Dr. Frances Cress Welsing, often described as the Queen Mother of Black Consciousness, died this morning at the age of 80. According to friends and family, Welsing suffered a stroke on New Year’s Day and was in critical condition at a Washington, D.C. hospital.
Dr. Welsing became famous for her work the Cress Theory of Color-Confrontation in 1974 and later published The Isis Papers: The Keys to the Colors in 1991. Her books explored the symbols and systemic practices of White supremacy and revealed the psychological dynamics of racism. The Isis Papers also explored the Black family structure, AIDS and the crisis of Black male and female relationships. In the Isis Papers Welsing wrote:
“The whole of white culture is designed to say that whites have [certain] qualities. Everything possible is done to demonstrate this. First, you have [only] white players, then blacks come in, but a white has to be the quarterback. Western culture has to project white supremacy.
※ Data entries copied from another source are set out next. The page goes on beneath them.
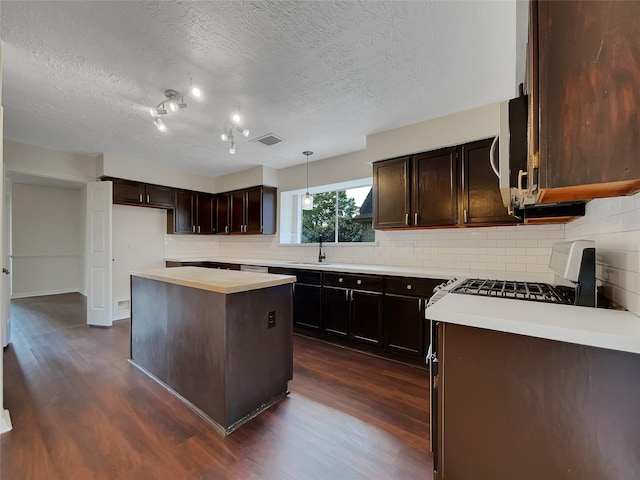14718 W Bend Dr, Houston, TX 77082 - kitchen featuring dark wood finished floors, gas range, tasteful backsplash, a kitchen island, and a textured ceiling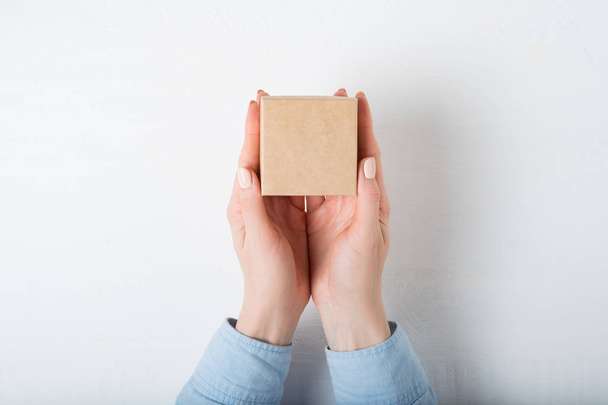 Pequeña caja cuadrada de cartón en manos femeninas. Vista superior, fondo blanco
 - Foto, Imagen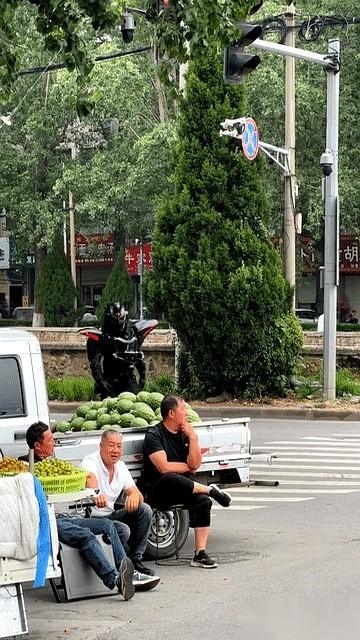 河南街头，三个卖瓜大叔正蹲在马路牙子上聊天，嘴里的烟刚点着。突然，其中一个黑衣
When blacks succeed athletically, whites are forced ‘up against the psychological wall’ because white youngsters are ‘brought up to believe a white has to be superior’.”
The Los Angeles Times said of Welsing that she was “The first scientist to psychoanalyze White racism in the history of Western psychiatry, rather than focusing on the victims of racism.”
Welsing was born March 18, 1935 in Chicago, the daughter of a doctor and a teacher. She attended Antioch College and Howard University College of Medicine, where she received her Doctorate in 1962. She went on to work as the assistant professor of pediatrics at the Howard University College of Medicine. However, when her controversial work was first published in 1971, it caused great controversy. Because of this her contract was not renewed by the school in 1975. Welsing then went on to work for more than 25 years as a staff physician for the Department of Human Services in Washington, D.C. In addition, she served as the clinical director for two schools that served emotionally troubled children. Welsing specialized in child and general psychiatry and her books were the basis for measuring the damage of racism in America and the world.